Task objective
Of the material below, the lines to be retyped are those from the line containing "thumbnail-5 for Sony" through the line containing "titivate(ティティベ", inclusive; reproduce them exactly.

Data shown
***

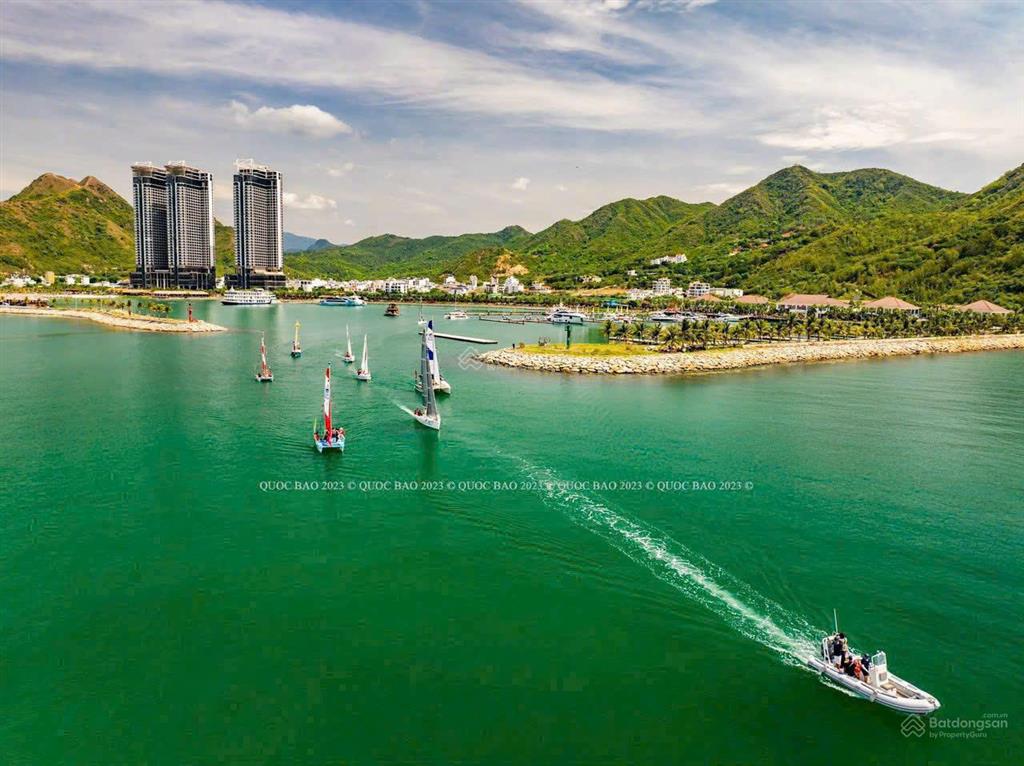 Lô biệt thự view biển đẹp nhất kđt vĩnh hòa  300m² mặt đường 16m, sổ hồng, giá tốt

***

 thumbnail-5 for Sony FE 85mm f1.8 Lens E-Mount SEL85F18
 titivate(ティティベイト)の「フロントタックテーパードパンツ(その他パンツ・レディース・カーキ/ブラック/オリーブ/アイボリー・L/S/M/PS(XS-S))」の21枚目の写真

***

Response for this exercise
 thumbnail-5 for Sony FE 85mm f1.8 Lens E-Mount SEL85F18
 titivate(ティティベイト)の「フロントタックテーパードパンツ(その他パンツ・レディース・カーキ/ブラック/オリーブ/アイボリー・L/S/M/PS(XS-S))」の21枚目の写真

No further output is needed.